Sadece kadın olduğu için şiddete uğramanın nefret suçu olduğunu vurgulayan avukat Akpek, Türkiye’de yaşanan sıkıntıyı da “Nefret suçluları ağır hapis cezaları alırlar ama Türkiye’de birileri şüpheli olarak yakalanıyor, ya da saldırgan olarak belirleniyor. Sonra da münferit bir saldırı denilip, o yakalananlar serbest bırakılıyor” sözleriyle dile getiriyor.
 
Akpek, hükümete “Siz, kadınlara saldırının nefret suçu olduğunu yasalara koyarsanız bir zihniyet dönüşümü de sağlarsınız ve kadına saldırının önemsenmesinin de yolunu açarsanız. Aksi durumda konu sadece belli olaylara tepki olduğunda gündeme gelir ve unutulur gider” uyarısında bulunuyor.
 
Avukat Akpek, Türkiye'de kadına şiddetin önemsenmediğinin en büyük göstergesinin de şiddet olaylarının sürekli cezasız kalması olduğuna vurgu yapıyor ve “Polis de, diğer kolluk-adli makamlar da şiddeti önemsemiyor. Suçluların dışarıda olması yeni suçlular yaratıyor” diyor. Akpek, “Toplumun da şiddeti gerçekten önemsemesi için suçluların ceza aldığı konusunda toplumun ikna edilmesi gerekiyor” mesajı veriyor.
 
ŞİDDET MAĞDURU KADIN HANGİ HUKUKİ YOLU İZLEMELİ?
 
Türkiye Kadın Dernekleri Federasyonu Başkanı Canan Güllü, şiddet-ceza-yasa üçgeninde Türkiye’de araştırma yapan, kadın örgütlerini harekete geçiren, hükümetlere uyarılarda bulunan isimlerin başında geliyor.
 
Güllü, “Kadın saldırıya uğradığında hukuki anlamda ne yapmalı, nasıl bir yol izlemeli?” sorusunu yanıtlarken, “Darp, saldırı, mutlaka yaşam hakkına, yaşam tercihine müdahaledir ve bu suçun işlendiğinden hareket edilerek hukuki süreç başlatılmalıdır” diyor.
 
Güllü’ye göre hakim ve savcıların neredeyse hepsi darp suçuyla başlatılan hukuki süreçleri kısa sürede “Hafif yargılama yapıp para cezası ya da tutuksuz yargılama” ile sonuçlandırıyor.

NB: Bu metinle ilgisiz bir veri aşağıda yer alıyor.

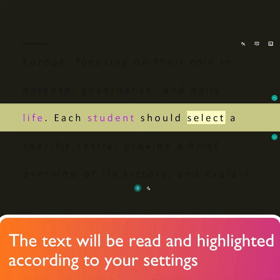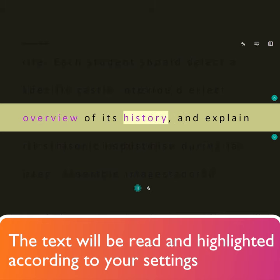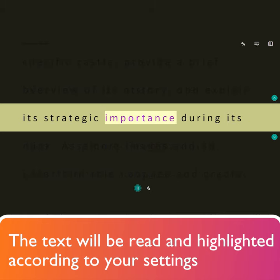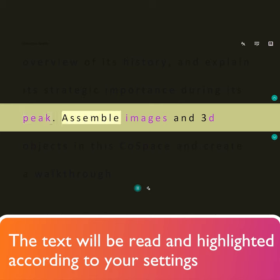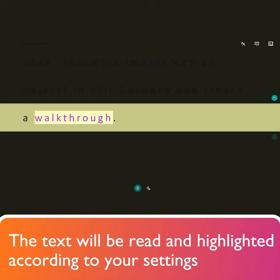Each student should select a specific castle, provide a brief overview of its history, and explain its strategic importance during its peak. Assemble images and 3D objects in this co-space and create a walkthrough.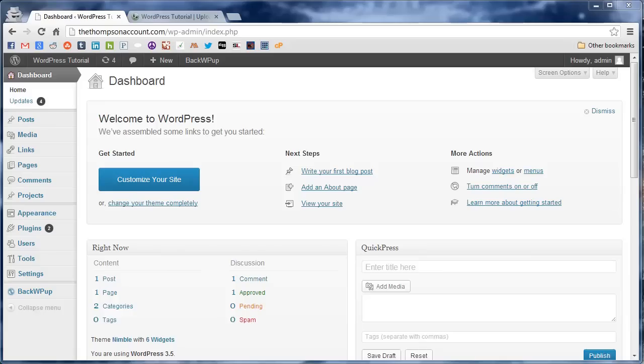Hey everyone, Adam with UploadWP.com here and in this video we're going to continue customizing the Nimble theme by showing you how to set up the featured image slider.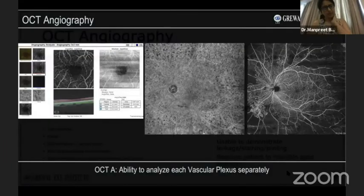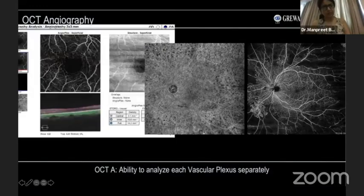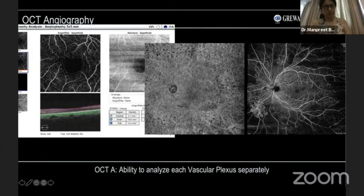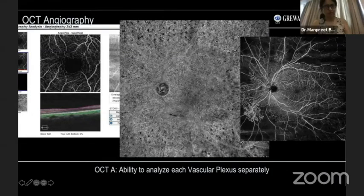The OCTA images are viewed in tandem with corresponding structural en-face and cross-sectional OCT scans. It has the ability to visualize each vascular plexus separately. In a diabetic patient, it is usually the vitreoretinal interface, superficial, and deep plexus that we look at. That is how the image is usually displayed on screen — you analyze the different vascular plexuses, including the choriocapillaris layer.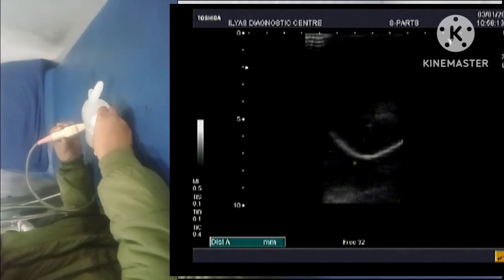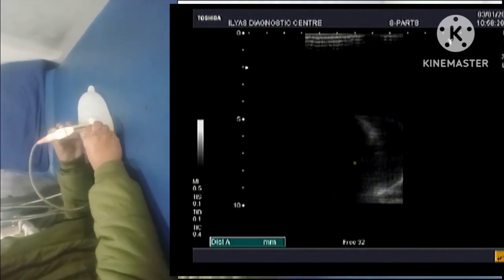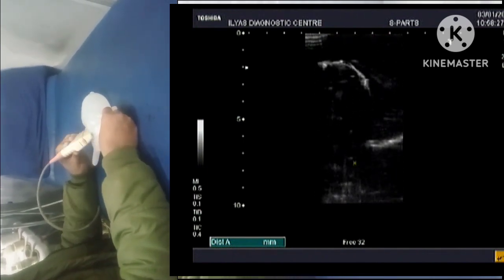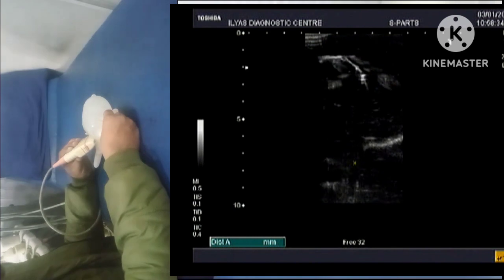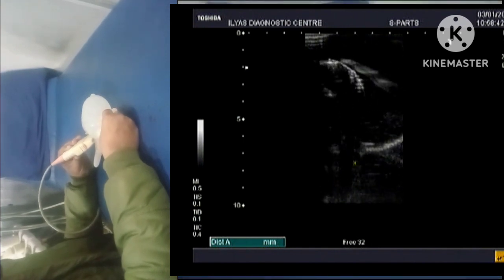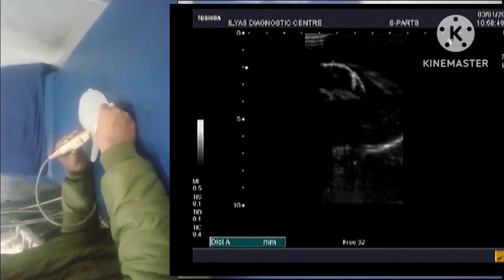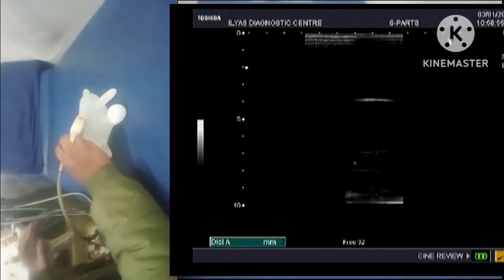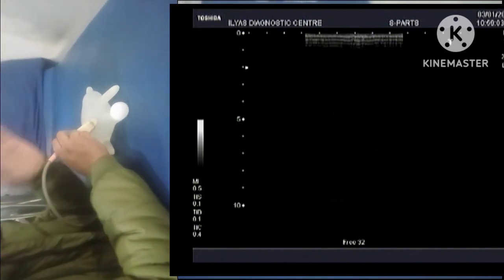Now we will see how gas will appear on ultrasound. For this purpose I will insert this gas-filled finger within this fluid-filled glove. Here you can see this white line is the surface of the air-filled glove finger. You cannot see anything beyond the air-filled structure because it is returning all the sound. However, it is giving a dirty posterior acoustic shadow — please keep that term in mind as I will explain it later. So gas appears white with a dirty posterior acoustic shadow.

Oysa davaların ‘yaşam hakkına müdahale’ şikayeti ve suçuyla açılması gerektiğini vurgulayan Güllü “Hakim ya da savcı, yaşam hakkı ihlali ile açılan davalarda yine serbest bırakma kararı veriyorsa diplomasını duvardan indirsin” çıkışında bulunuyor.
 
Türkiye'de yargı cephesinde kadın dövmenin, cinsel saldırının, cana kastetmenin, cinsel istismarın ve erken yaşta evlendirmenin serbest sayıldığının hükümet tarafından ciddiyetle ele alınması gerektiği çağrısı yapan Güllü “Aksi takdirde Türkiye, kadınların cehennem hayatı yaşadığı bir ülke olmaktan kurtulamayacaktır” diyor.
 
Güllü, kadına karşı 'nefret suçu'nun yasalara girmesinin en pratik çözüm olacağını ancak bu süreçte Türkiye’nin de ilk imzacıları arasında olduğu kadına karşı şiddetin önlenmesi için uluslararası İstanbul Sözleşmesi hükümlerinin uygulanması gerektiğine vurgu yapıyor.